Palliative Care Bill Examined Quickly, Vulnerable at Risk

Last week, lawmakers quickly approved a new law about “assisted dying,” and this week they are back to discussing end-of-life issues in a social affairs committee. They originally planned to spend fifteen hours talking about a proposal to ensure everyone has equal access to palliative care, but they only spent a little over five hours going through 236 suggested changes, adopting 57 of them, mostly minor edits.

On Monday, the mood in the committee was calm, with only a few members present. This could be because the topic is less controversial, or maybe people just aren’t interested.

Annie Vidal, the person in charge of the proposal, wants to keep the topics of palliative care and assisted dying separate. She also wants to consider improvements suggested by the Senate. Sandrine Dogor-Such proposed an amendment stating that palliative care should be the main response to suffering from serious illness and cannot be replaced or delayed by anything else related to end-of-life issues. Annie Vidal thinks this is already covered in the text, but Christophe Bentz disagrees, fearing that the mention of support might lead to assisted dying being accepted. The amendment was ultimately rejected.

Several other amendments were proposed to remove a part of the text that states palliative care does not aim to speed up or delay death. Some committee members found this part disconnected from reality, but Annie Vidal defended it, saying it aligns with the World Health Organization’s definition and helps differentiate palliative care from assisted dying. The vote was very close, leading to a second vote, but the amendments were rejected again.

Articles 1 and 2 of the proposal were adopted, while Article 3 was removed.

The debate about whether there should be a guaranteed right to palliative care came up again. Sandrine Dogor-Such suggested an amendment to establish such a right, but Annie Vidal argued that it wouldn’t significantly improve access to palliative care and the amendment was withdrawn. The issue resurfaced later, but again, Annie Vidal opposed it, saying it wouldn’t be practical.

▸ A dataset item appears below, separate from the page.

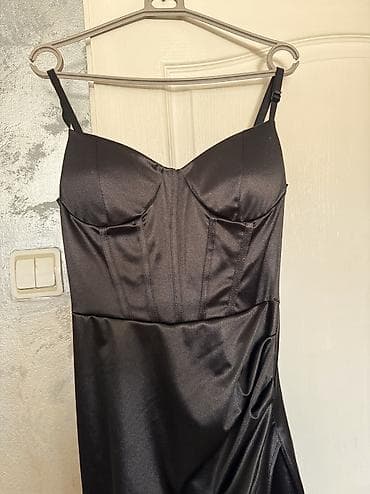 Kućna odeća: Crna elegantna haljina 
prati liniju tela — 2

Another amendment was brought up by Sebastien Peytavie and Fanny Dombre Coste, but again, there were concerns about the implications of a “right to die.” They ended up rejecting these amendments as well.

As they continued reviewing the proposal, they reached Article 10 about creating support houses for patients. Christophe Bentz expressed concerns about what actions would be allowed in these houses, particularly regarding assisted dying. The committee decided to allow all health actors, whether for profit or not, to participate in palliative care, with some regulations in place. However, disagreements remained too significant, and Article 10 was ultimately rejected.

The discussion moved on to Article 15, which addressed the “personalized support plan.” Karen Erodi argued that people who are legally protected should be able to write their advance directives without needing approval from a judge or family. She believed that denying this right goes against autonomy and international agreements on the rights of disabled individuals. Sebastien Peytavie supported her, emphasizing that even those who need protection can express their wishes regarding pain and end-of-life care. Erodi’s amendment was adopted.

The review wrapped up quickly, with a few final measures allowing family members to be involved in decision-making processes. Before finishing, lawmakers discussed the title of the proposal. Thibault Bazin pointed out that while strong goals for palliative care are important, the proposal alone won’t solve the underlying issues of funding and organization. He noted that there might be budget problems related to social security.

By 8:30 PM, the proposal was adopted by the committee, and they left for dinner. The discussions will continue on February 16, focusing on the palliative care proposal. Will they finally make it a priority?

This article has been translated and simplified by artificial intelligence from a French article “Soins palliatifs : un examen éclair en commission au détriment des personnes vulnérables”
It may therefore contain errors. The French version is the reference version.